Con il quinto motivo, il ricorrente sollecita una lettura costituzionalmente orientata delle norme che egli ha assunto come violate nel procedimento disciplinare da lui subito (in particolare le questioni relative alla illegittima formazione del collegio, al dovere dì astensione e alla prescrizione).

Le argomentazioni del ricorrente che soffrono di una sostanziale genericità, fanno appello ad una sentenza (Sez. Un., 15 dicembre 2008, n. 29294), la quale, tuttavia, ha una sfera di applicazione assai limitata: quella di consentire l’impugnazione immediata innanzi ai CNF della decisione di un COA di avviare un procedimento disciplinare a carico di un avvocato in modo che possa realizzarsi un più rapido intervento di un giudice terzo e imparziale sulla legittimità dell’avvio del procedimento.
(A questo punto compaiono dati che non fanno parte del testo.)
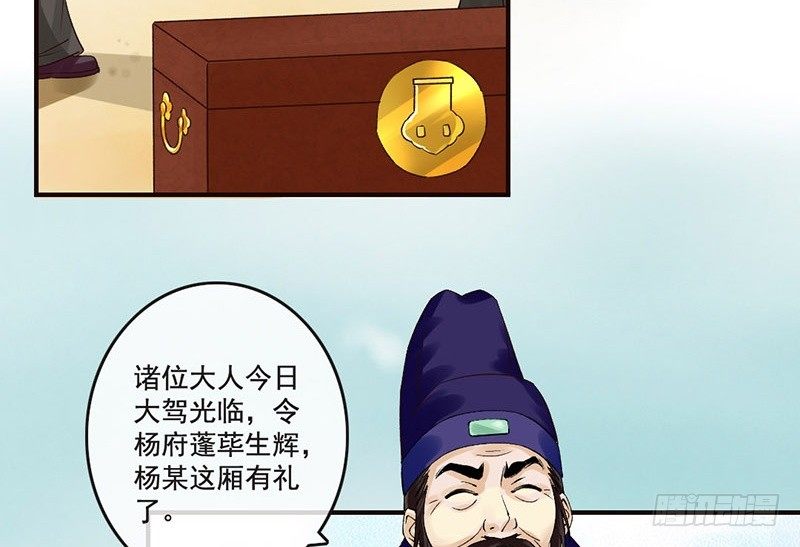 第35话 这女神真难当啊&hellip;&hellip;(1/2)-第37话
Nè è vero che le pronunce di questa Corte, alle quali qui si è fatto riferimento nell’esame delle singole questioni, siano decisioni risalenti e formate in un diverso “clima” giuridico, perchè si tratta di pronunce recenti, costantemente confermate, dalle quali, peraltro, non emerge alcun sospetto di non conformità a Costituzione delle norme valutate ne caso di specie, le quali sono norme che riproducono, specialmente nella prospettiva d’esame di questa Corte, norme applicabili nell’esercizio dell’ordinaria giurisdizione.

Il ricorso deve essere, pertanto, rigettato. Non occorre provvedere sulle spese stante la mancata costituzione del COA di Roma.

P.Q.M.

LA CORTE SUPREMA DI CASSAZIONE Rigetta il ricorso.

Così deciso in Roma, il 19 aprile 2011.